The 1986 law says that a vaccine maker should not be held liable in a civil action if an injury was caused by unavoidable side effects, “even if the vaccine was properly prepared and was accompanied by proper directions and warnings.” In other words, the provision bars lawsuits in state courts, but with an exception - claims except those alleging a manufacturing defect or a failure to warn (back story).
And that is what the family cited in its petition to the Supreme Court. In their lawsuit, the family argued her seizures and serious developmental delay were caused by the vaccine, and that a safer alternative had been available but not made available. The DTP vaccine was eventually taken off the market in 1998 and replaced.
But a majority of justices, who voted 6-to-2 in favor of vaccine makers, disagreed. “The vaccine manufacturers fund from their sales an informal, efficient compensation program for vaccine injuries,” Justice Antonin Scalia wrote for the majority. “In exchange they avoid costly tort litigation and the occasional disproportionate jury verdict.” In her dissent, Justice Sonia Sotomayor wrote tha that the ruling “leaves a regulatory vacuum in which no one ensures that vaccine manufacturers adequately take account of scientific and technological advancements when designing or distributing their products" (here is the ruling).

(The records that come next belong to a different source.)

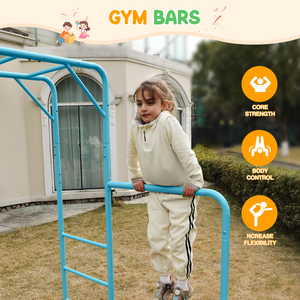 <span class=keywords><strong>Barras</strong></span> de Mono Horizontales Ecológicas para <span class=keywords><strong>Parque</strong></span> Infantil, <span class=keywords><strong>Barras</strong></span> de Ejercicio para Niños al Aire Libre - Product Image 4
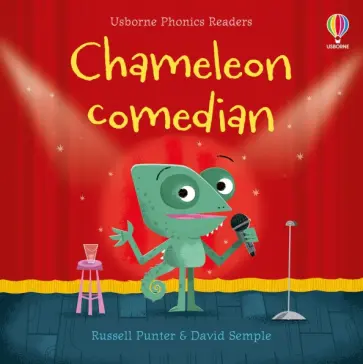 Russell Punter - Chameleon Comedian Russell Punter - Chameleon Comedian обложка книги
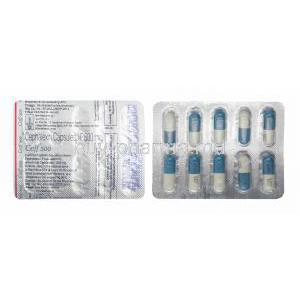 Ceff, Cephalexin 500mg capsules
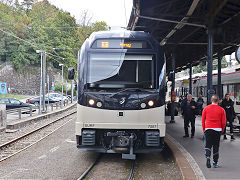 
MVR '7507' at Vevay, September 2022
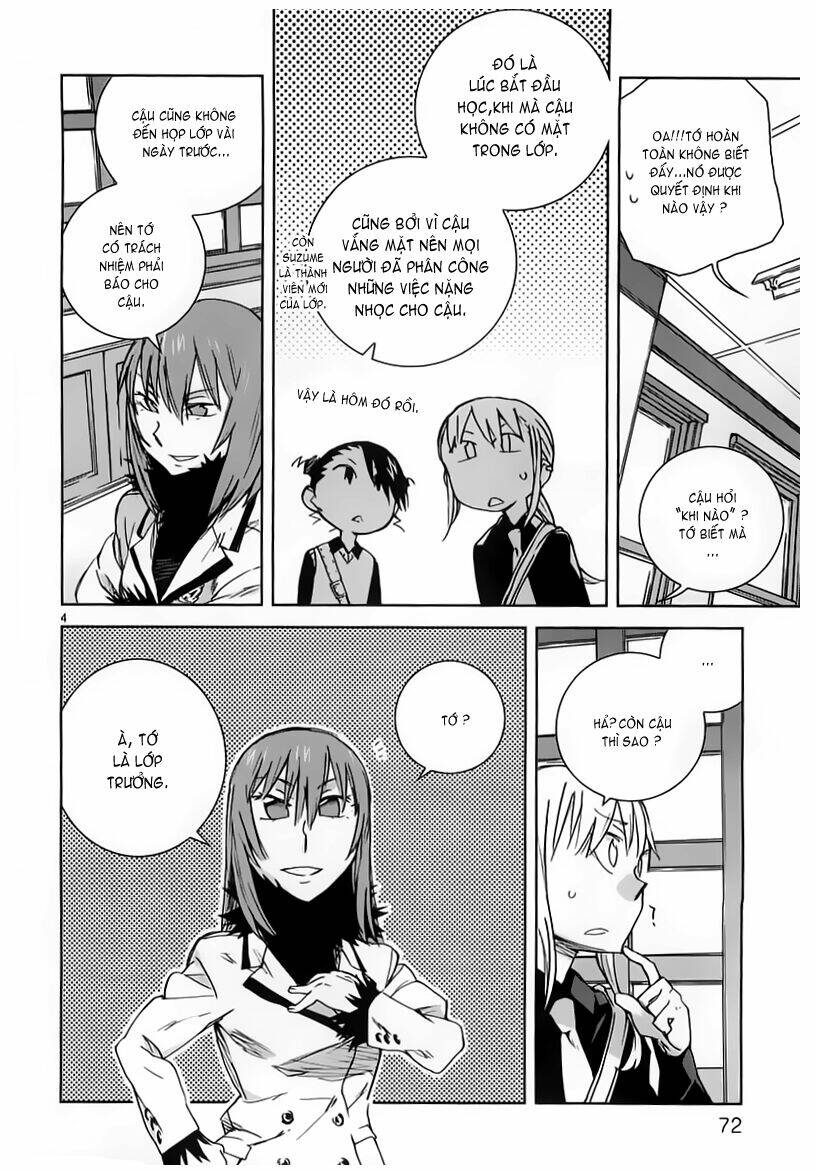 Hyakko Chapter 4 - Trang 2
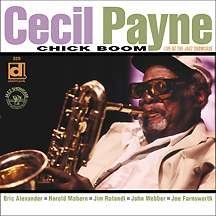 Cover for Cecil Payne · Chic Boom -Live- (CD) [Live edition] (2001)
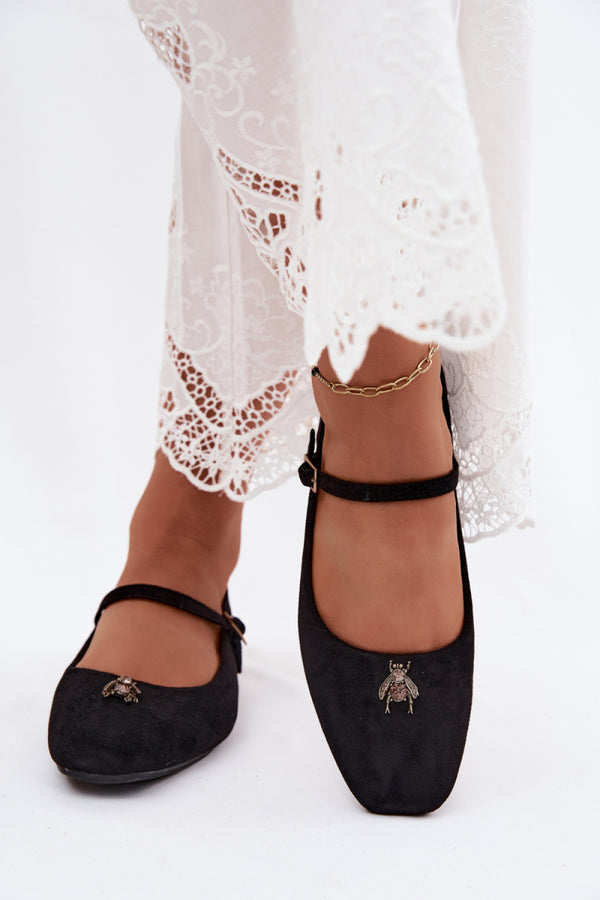 Ballerine femme Step in style — noir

The vaccine court, by the way, has awarded more than $1.8 billion for vaccine injury claims in nearly 2,500 cases since 1989, Reuters notes. In a statement, American Academy of Pediatrics president O. Marion Burton hailed the ruling: "Today’s Supreme Court decision protects children by strengthening our national immunization system and ensuring that vaccines will continue to prevent the spread of infectious diseases in this country.”